Following a review of its lending program, the board of the International Monetary Fund, IMF, has approved the release of $447.39 million to Kenya, the fund announced on Tuesday.
The fund stated in a statement that efforts toward fiscal consolidation had caused Kenya’s public debt to “level off,” and it added that it had given extra money under an existing facility.
In April of last year, the IMF and the country of East Africa agreed to a 38-month financing arrangement under its extended fund facility and extended credit facility. The most recent payment brings the total to $1.65 billion.
According to the IMF, Kenya would now receive a total of $2.416 billion from the present agreement.
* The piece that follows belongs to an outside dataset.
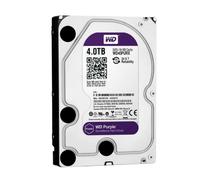 WD40PURZ - Disco rigido da 4TB WD Purple - Video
The increase was agreed upon by both parties last month to cover expenses for external finance “due to the drought and difficult global financial conditions”. Due to a spike in bond yields, the government decided to postpone its June Eurobond sale.
The government of President William Ruto, who took office in September, intends to eliminate costly commercial borrowing in favor of less expensive sources like the World Bank to lessen the burden that debt servicing puts on revenue.
This is coming after the IMF announced that it would release $3 billion to Ghana by the first quarter of 2023, according to the Finance Minister, Ken Ofori-Atta.
The Minister claims that the medium-term macro-economic framework, structural reforms, and important fiscal measures included in the 2023 Budget are in line with the IMF-supported Programme.
On economic policies and reforms, Ghana has secured a staff-level agreement that will be supported by a three-year arrangement under the Extended Credit Facility.
The Minister stated that additional work must be done before the first tranche can be handed to the government in order to obtain the approval of the IMF board and management, adding that the SLA is only one part of the approval procedure.